Anyway, about the notes from the books, I don’t think there’s anything wrong with being as prepared as possible.  It’s fun to wing it sometimes, but you can’t hurt yourself with preparation.  I believe in having a great marriage, not an average one or a good one.  Anyway, I have the notes, so I thought I’d put them onto my blog in case anyone is interested in reading the Cliff Notes versions of these books.

I include Martin Seligman’s “Authentic Happiness,” even though it isn’t specifically a book for couples.  Another book, “Raising the Emotionally Intelligent Child,” by John Gottman, is under the Disabilities, Autism section of my blog.  I am a Gottman disciple.  I think that his books on relationships are great.  So here we go.

Martin Seligman, “Authentic Happiness”

  • Authentic happiness comes from using your best strengths in work, love, play, and parenting.  Meaningful life adds using these strengths to forward knowledge, power, or goodness
  • Take particular care with the endings of relationships because that’s in large part how they’re remembered.
  • Doing kind and fun actions create a lot more satisfaction than doing things that are only fun.
  • Happy people remember more of the good events than the bad.
  • Happy people spend the least amount of time alone and most time socializing.
  • If you do not allow yourself to express an emotion it will squeeze its way out, usually as an undesirable symptom.
  • People often unravel as they ventilate in traditional talk therapy.  Cognitive therapy techniques, however, get people to change their thinking about the present and future.  Dwelling on anger produces more anger.
  • Change your thoughts by rewriting your past – forgiving, forgetting bad memories.
  • Good things and high accomplishments have surprisingly little power to raise happiness.
  • Once a person is just barely comfortable, added money adds little or no happiness.
  • All emotions about the past are driven by thinking and interpretation.
  • Dwelling on anger produces more anger.

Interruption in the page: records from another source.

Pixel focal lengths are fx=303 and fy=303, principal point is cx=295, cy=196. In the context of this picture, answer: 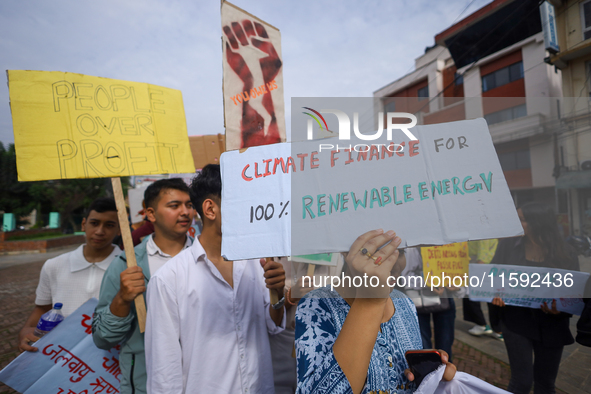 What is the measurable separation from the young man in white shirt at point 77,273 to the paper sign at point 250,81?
1573 millimetres

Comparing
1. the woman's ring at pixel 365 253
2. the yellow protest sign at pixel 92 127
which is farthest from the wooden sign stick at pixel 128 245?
the woman's ring at pixel 365 253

  • Savoring the awareness of pleasure.
    • Sharing with others
    • Memory-building (photos)
    • Congratulation
    • Sharpening perceptions
    • Absorption
  • Gratifying activities
    • Challenging and require skill
    • We concentrate
    • There are clear goals
    • We get immediate feedback
    • We have deep, effortless involvement
    • There is a sense of control
    • Sense of self vanishes
    • Time stops
  • People often choose pleasure over gratification
  • 6 universal virtues
  1. Wisdom and knowledge
  2. Courage
  3. Love and humility
  4. Justice
  5. Temperance
  6. Spirituality and transcendence
  • You have to let yourself receive love in addition to giving it.
  • While real income has risen 16%, happiness has decreased 30%
  • Flow – positive emotion about the present without thinking about the future or the past.

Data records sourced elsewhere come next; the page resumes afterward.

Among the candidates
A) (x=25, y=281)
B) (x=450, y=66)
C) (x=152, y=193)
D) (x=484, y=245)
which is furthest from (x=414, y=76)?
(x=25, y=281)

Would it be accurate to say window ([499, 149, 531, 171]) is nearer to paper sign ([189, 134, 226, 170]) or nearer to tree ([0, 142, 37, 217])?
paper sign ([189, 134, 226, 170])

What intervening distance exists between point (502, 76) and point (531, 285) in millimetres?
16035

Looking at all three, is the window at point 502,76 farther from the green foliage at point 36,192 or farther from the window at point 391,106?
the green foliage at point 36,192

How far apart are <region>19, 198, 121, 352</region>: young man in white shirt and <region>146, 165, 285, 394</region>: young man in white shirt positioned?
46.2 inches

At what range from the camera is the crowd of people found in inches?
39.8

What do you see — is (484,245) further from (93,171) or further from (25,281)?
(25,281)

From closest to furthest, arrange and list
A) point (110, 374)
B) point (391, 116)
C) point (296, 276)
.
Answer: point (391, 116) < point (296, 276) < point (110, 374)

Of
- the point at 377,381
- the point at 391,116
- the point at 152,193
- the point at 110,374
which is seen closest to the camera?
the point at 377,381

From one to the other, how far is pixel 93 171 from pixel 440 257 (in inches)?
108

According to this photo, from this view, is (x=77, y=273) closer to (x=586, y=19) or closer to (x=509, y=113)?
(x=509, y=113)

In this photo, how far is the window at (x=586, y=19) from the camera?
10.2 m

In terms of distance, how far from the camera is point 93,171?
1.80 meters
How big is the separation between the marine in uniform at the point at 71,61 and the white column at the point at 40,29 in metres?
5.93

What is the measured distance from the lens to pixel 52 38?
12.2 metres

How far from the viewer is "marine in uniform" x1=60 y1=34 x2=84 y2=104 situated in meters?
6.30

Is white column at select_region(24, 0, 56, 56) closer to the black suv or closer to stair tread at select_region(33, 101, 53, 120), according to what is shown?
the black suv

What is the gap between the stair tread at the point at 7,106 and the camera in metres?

Gottman’s harbingers of divorce as quoted by Seligman:

  • Harsh startup in a disagreement
  • Criticism rather than complaints
  • Displays of contempt
  • Hair-trigger defensiveness
  • Lack of validation (particularly stonewalling)
  • Negative body language
  • Positive signs
    • Partings – before you leave, find out one thing that your spouse will do that day
    • Reunions – at the end of the day, have a low-stress reunion conversation
    • Affection – physical intimacy
    • At least one weekly date
    • Express admiration and appreciation at least once a day.
  • When you have a hot button issue, mention it.   Use the gavel.
  • Raising children – Make sure they know what they are being punished for.
  • The good life consists in deriving happiness by using your signature strengths every day.  The meaningful life adds one more component:  using these same strengths to forward knowledge, power, or goodness.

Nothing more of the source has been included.